→ **LISTED RECORDS**
┌──

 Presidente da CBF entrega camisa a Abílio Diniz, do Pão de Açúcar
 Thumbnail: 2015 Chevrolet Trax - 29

└──
┌──

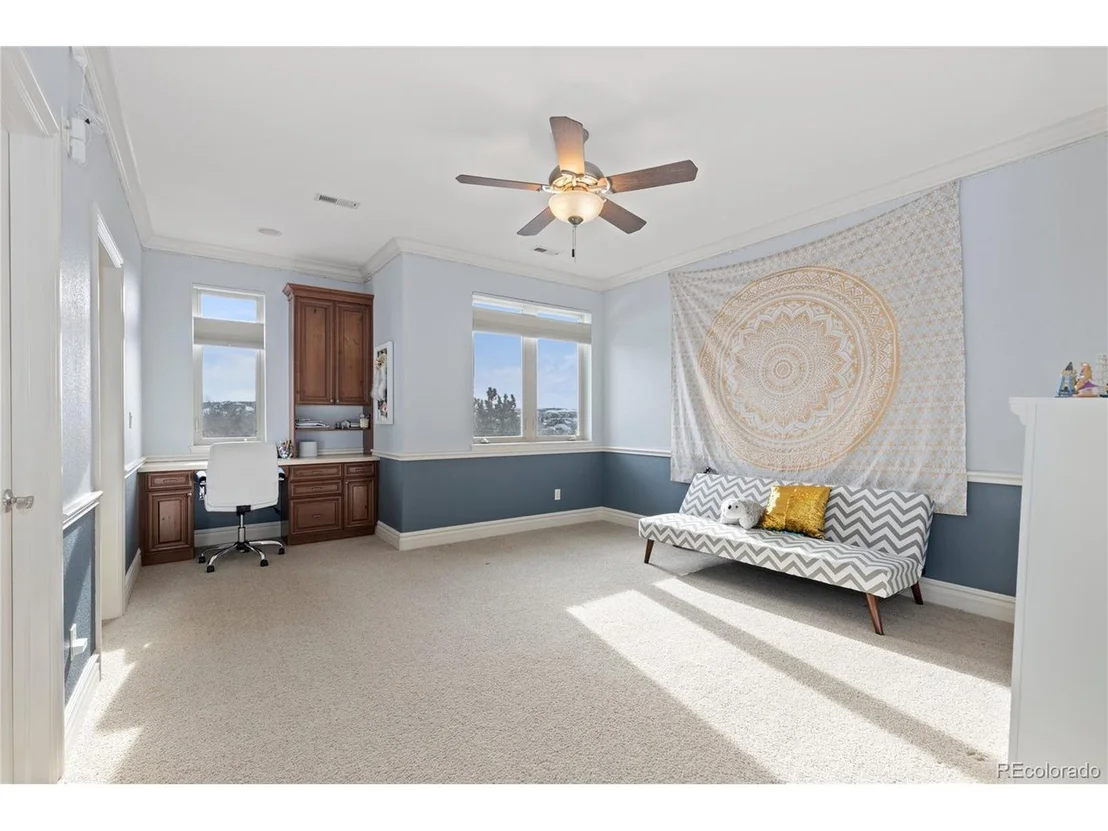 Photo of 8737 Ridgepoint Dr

└──

→ **YOUR TASK**
Using only the entries above, output the line with "Presidente da CBF", the line with "Thumbnail: 2015 Chevrolet Trax - 29", and all lines between them, exactly as they stand.

→ **RESPONSE**
 Presidente da CBF entrega camisa a Abílio Diniz, do Pão de Açúcar
 Thumbnail: 2015 Chevrolet Trax - 29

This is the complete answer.